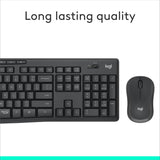 Logitech MK295 Silent Wireless Mouse & Keyboard Combo with SilentTouch Technology, Full Numpad, Advanced Optical Tracking, Lag-Free Wireless, 90% Less Noise - Black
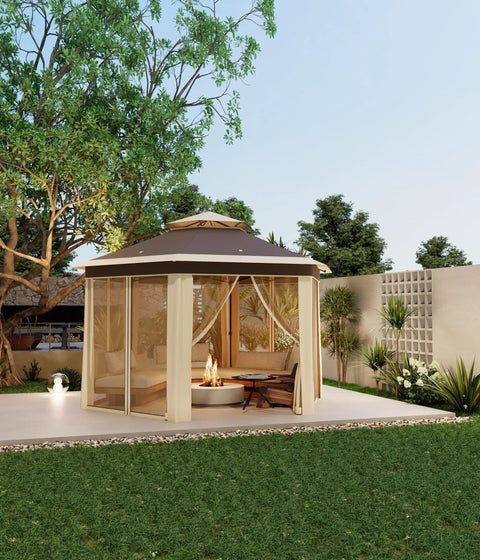 Pop Up Canopy Tent 13x13 Ft Instant Gazebo With Mosquito Netting Enclosure, UV Protection, in a garden setting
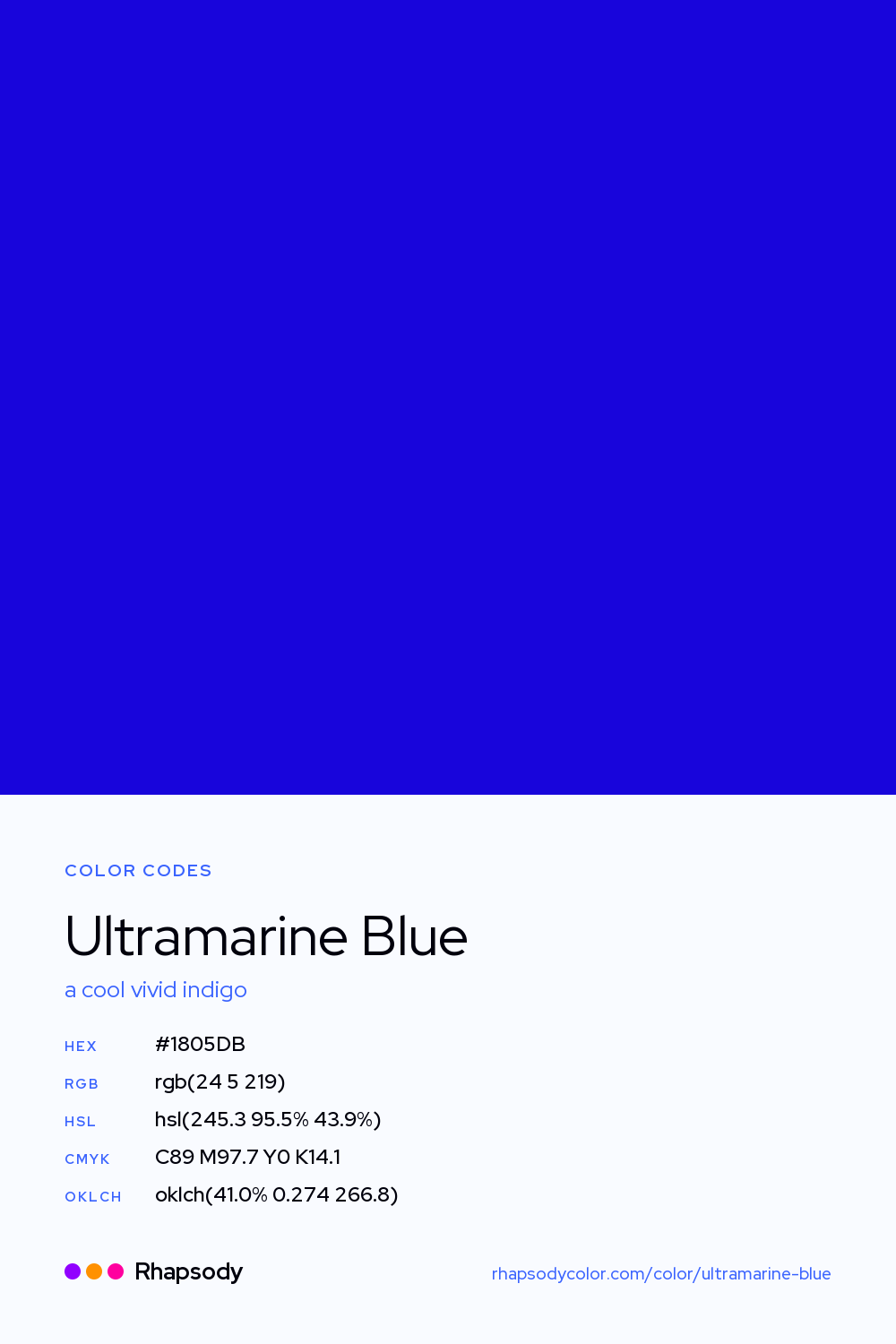 Ultramarine Blue color codes: hex #1805DB, RGB, HSL, CMYK, and OKLCH, from Rhapsody
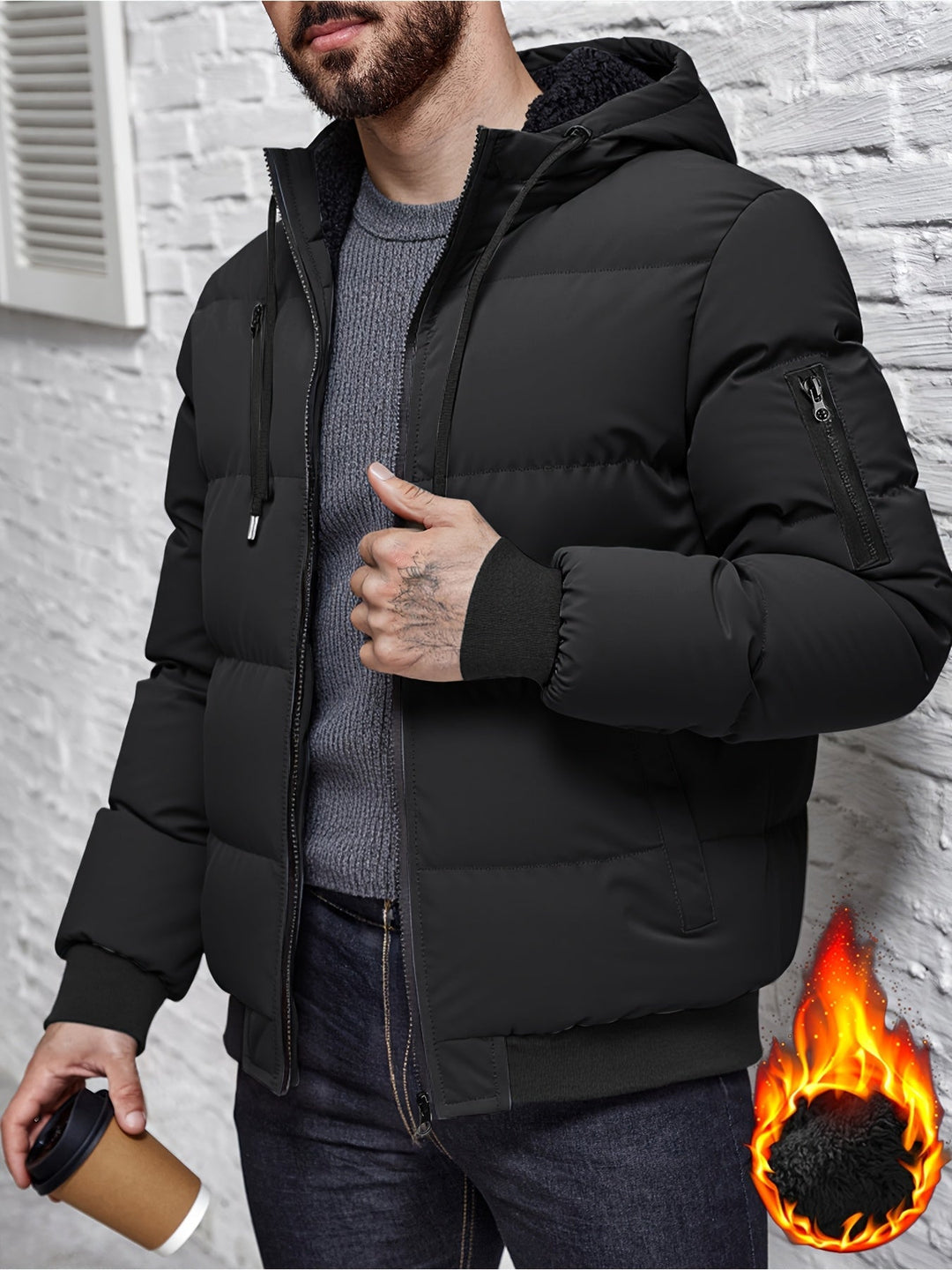 Halvard | Herren Winterjacke Gesteppt mit Kapuze - Black - Image 2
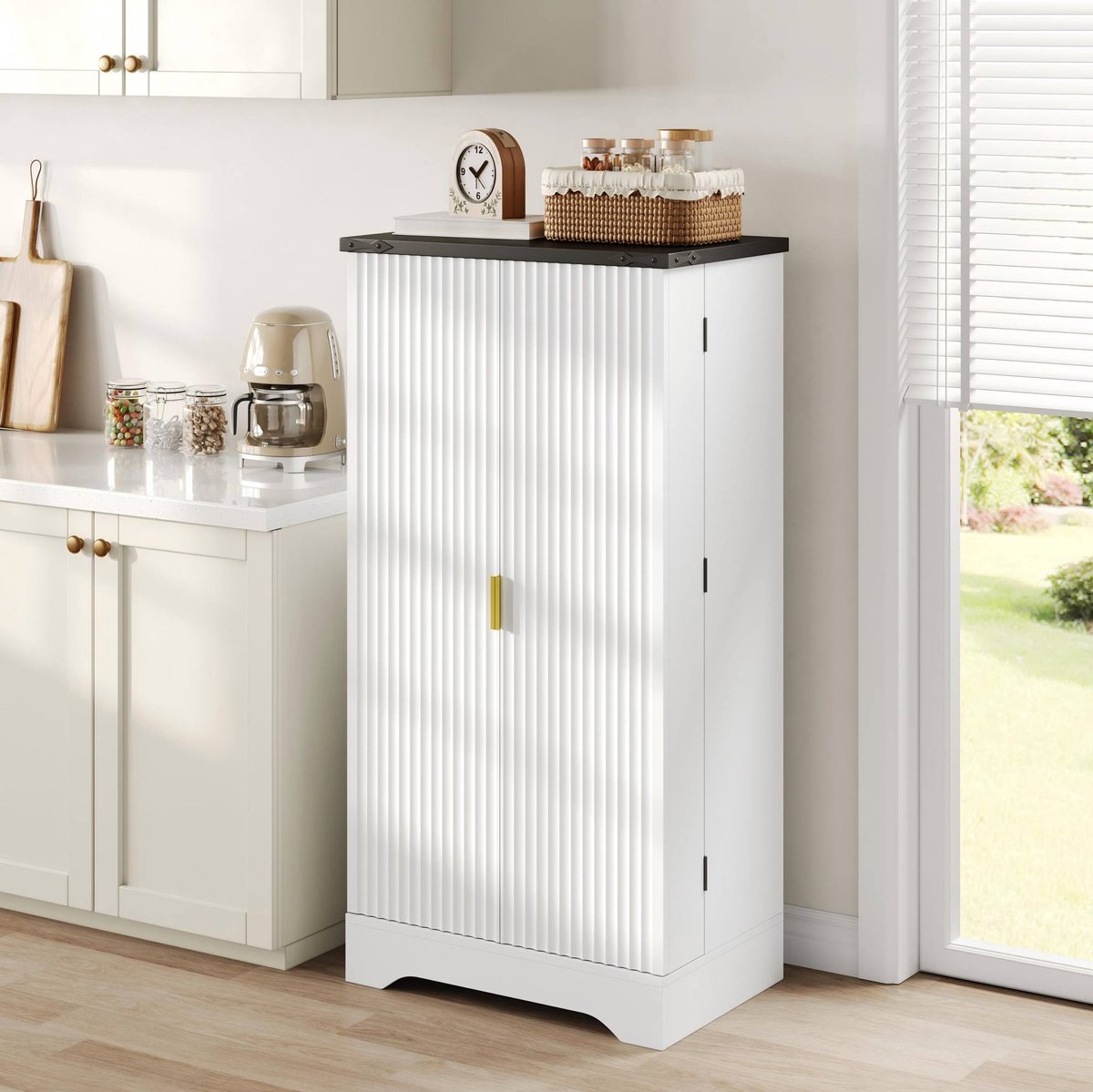 WUVRIE - Keukenkast 120 x 60,5 x 40 cm - 2 deuren, verstelbare planken en LED-sensorlicht - Wit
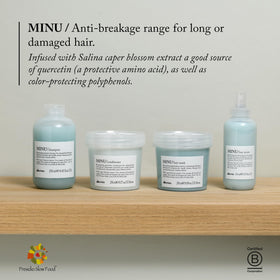 Davines MINU before and after hair comparison demonstrating enhanced color vibrancy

---+---

Directions: Would you output the lines above from the line holding "Pop Up Canopy" up to and including the line holding "Halvard | Herren", exactly and only those, with no pictures?

Answer area:
 Pop Up Canopy Tent 13x13 Ft Instant Gazebo With Mosquito Netting Enclosure, UV Protection, in a garden setting
 Ultramarine Blue color codes: hex #1805DB, RGB, HSL, CMYK, and OKLCH, from Rhapsody
 Halvard | Herren Winterjacke Gesteppt mit Kapuze - Black - Image 2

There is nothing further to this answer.